山東京伝 ・・・初めて職業として戯作活動を行った江戸の代表的作家

山東京伝は江戸時代を代表する戯作者だ。従来の戯作者は、そのほとんどが余技で書いており、原稿料もほとんどなかった。これに対し、彼は職業として戯作活動を行い、原稿料が支払われるようになったのは彼が最初だともいう。また、松平定信が推進した「寛政の改革」で出版取り締まりにより、彼の洒落本三部が摘発され発禁となり、手鎖(てぐさり)50日の刑に処せられたことで知られている。
山東京伝は江戸・深川木場で岩瀬伝左衛門の長子として生まれた。生家は質屋だったという。本名は岩瀬醒(さむる)。通称は京屋伝蔵。「山東京伝」の筆名は、江戸城紅葉“山”の“東”に住む“京”屋の“伝”蔵からといわれる。ほかに山東庵、菊亭主人、醒斎(せいさい)、醒々老人、狂歌には身軽折介(みがるのおりすけ)などの号がある。合巻作者の山東京山は実弟。
山東京伝は浮世絵師・北尾重寅に学び、18歳で草双紙(黄表紙)の挿絵画家、北尾政寅(まさのぶ)としてデビュー。20歳ごろから黄表紙と呼ばれる絵入り読物を書き始める。黄表紙や洒落本を数多く書き、売れっ子作家となり、とくに『御存知商売物(ごぞんじのしょうばいもの)』(1782年)で一躍、黄表紙作者として脚光を浴び、恋川春町(こいかわはるまち)、朋誠堂喜三二(ほうせいどうきさんじ)らの武家作者と並び、天明・寛政期(1781~1801年)の中心的戯作者の地位を占めた。
ところが、1791年(寛政3年)、洒落本三部作『錦之裏(にしきのうら)』『仕懸(しかけ)文庫』『娼妓絹?(しょうぎきぬぶるい)』が、松平定信が推進した「寛政の改革」の出版取り締まりに触れ摘発・発禁処分となり、手鎖50日の筆禍に遭った。これに懲りたか、山東京伝は路線を変更。その後は読本作家として新境地を開き、享和・文化期(1801~1818年)には“飛ぶ鳥落とす勢い”だった曲亭馬琴に対抗し得た、ただ一人の作家だった。
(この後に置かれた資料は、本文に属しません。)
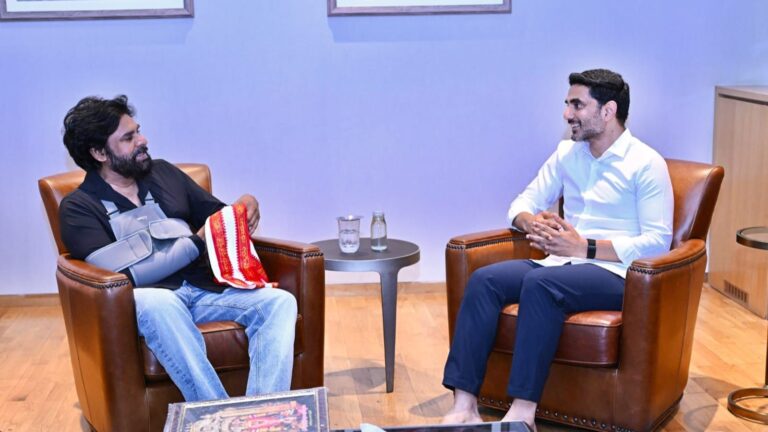Nara Lokesh : పవన్ తో లోకేశ్ భేటీ.. అందుకేనా?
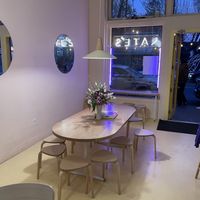 Interior  at Kate's Ice Cream in Portland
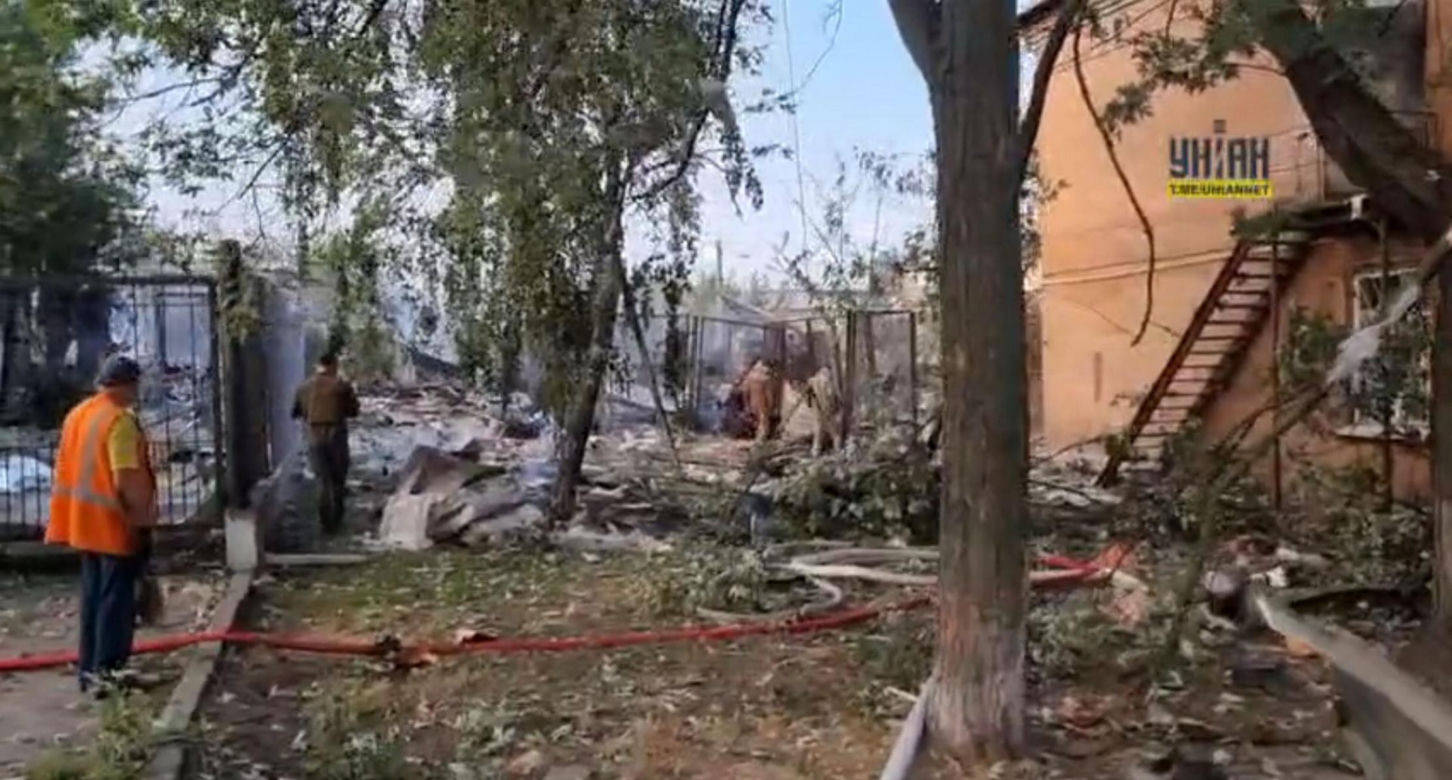 Atak ukraińskich dronów na Krym i Rosji na Kijów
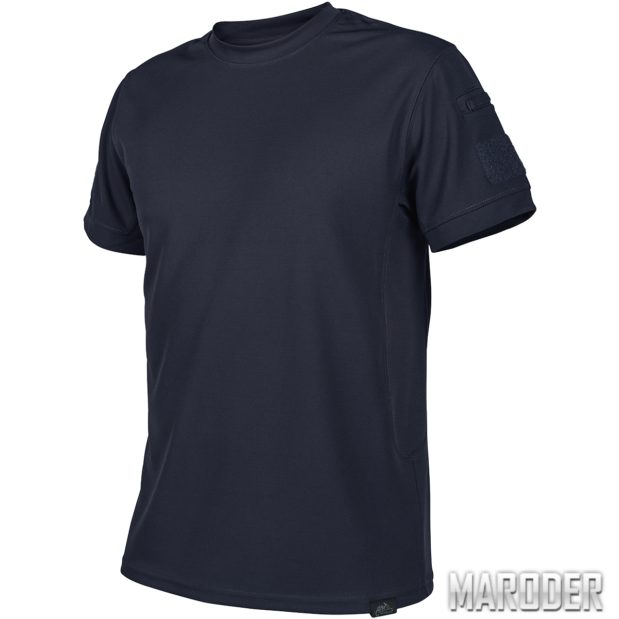 Футболка тактическая с липучками Navy Blue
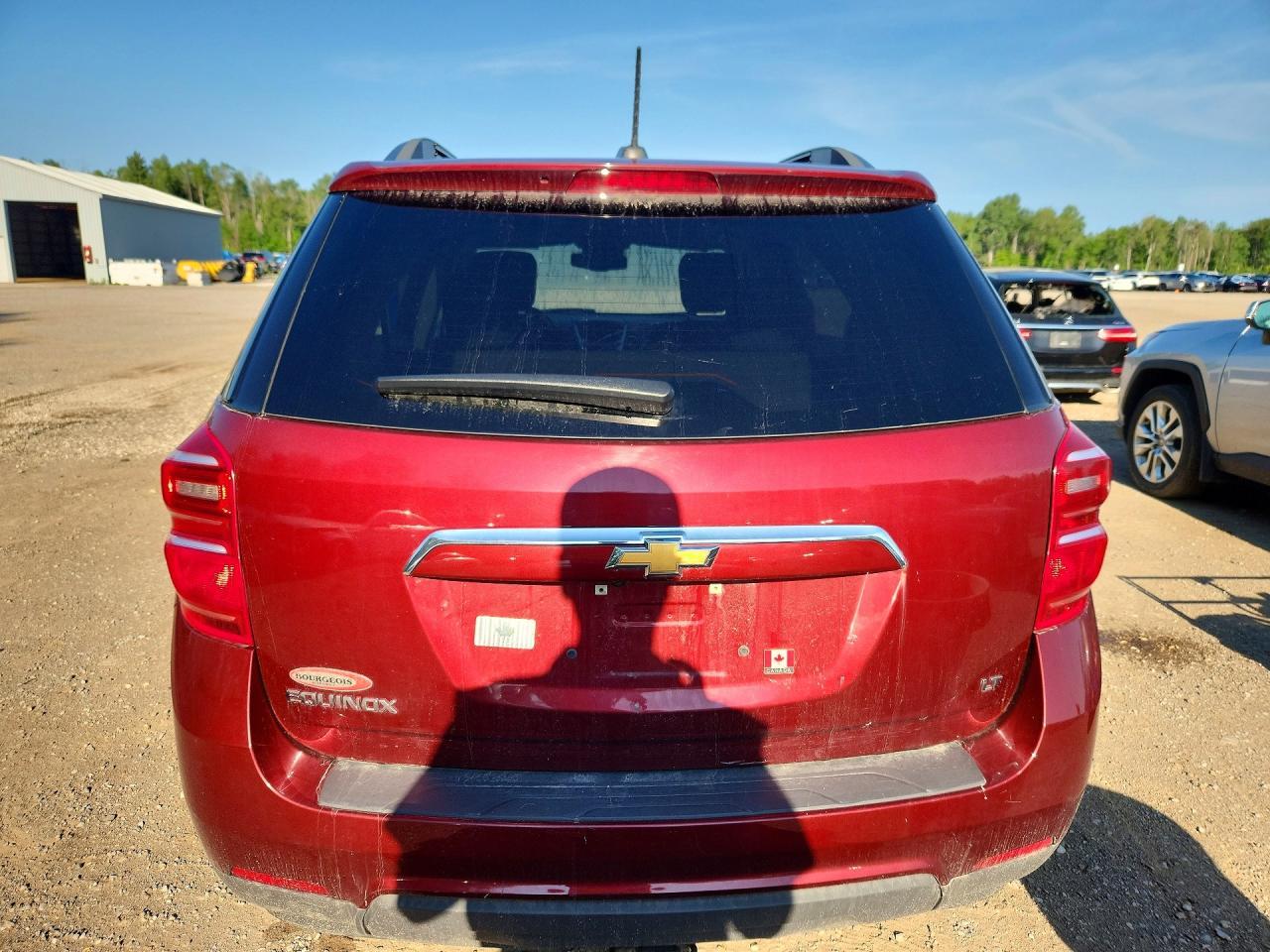 2017 Chevrolet Equinox Lt - Фото 6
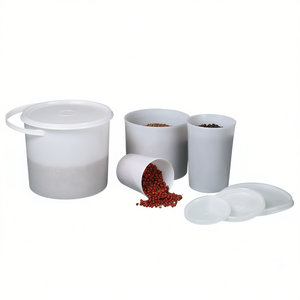 Ergonomic Handle All-Purpose Round <b>Boxes</b> for Easy Operation Burkle GmbH Storage Cages & Containers - Product Image 2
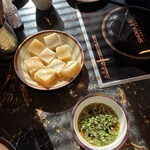 火鍋江湖 - 凍豆腐、油碟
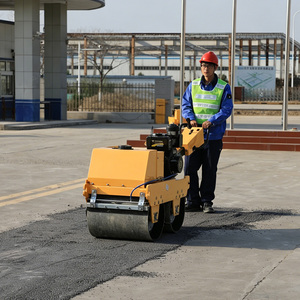 Compacteur routier à tambour unique haute efficacité pour la compactation des routes et des barrages - Product Image 6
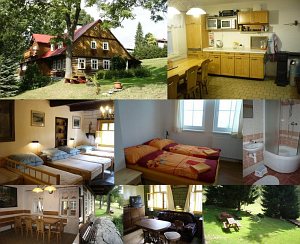 Üdülőház Karpíšek [Nagyítás - új ablak]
そして、そのかたわら考証随筆にも名著を残した。その代表作には黄表紙に『江戸生艶気樺焼(えどうまれうわさのかばやき)』(1785年)、『心学早染草(しんがくはやぞめぐさ)』(1790年)、洒落本に『通言総籬(つうげんそうまがき)』、『古契三娼(こけいのさんしょう)』(ともに1787年)、『繁千話(しげしげちわ)』、『傾城買四十八手(けいせいかいしじゅうはって)』(ともに1790年)、読本に「忠臣水滸伝」(前編1799年、後編1801年)、『昔語稲妻表紙(むかしがたりいなずまびょうし)』(1806年)、随筆に『近世奇跡考』(1804年)、『骨董集』(1814、1815年)などがあり、貴重な史料として今日に残している。
門人には曲亭馬琴はじめ数人いるが、その影響は十返舎一句、式亭三馬、為永春水らにも及ぼしている。
京伝は生涯で二度結婚したが、相手はいずれも吉原の遊女上がりだった。また、京伝には尾張藩主・徳川宗勝の落胤説がある。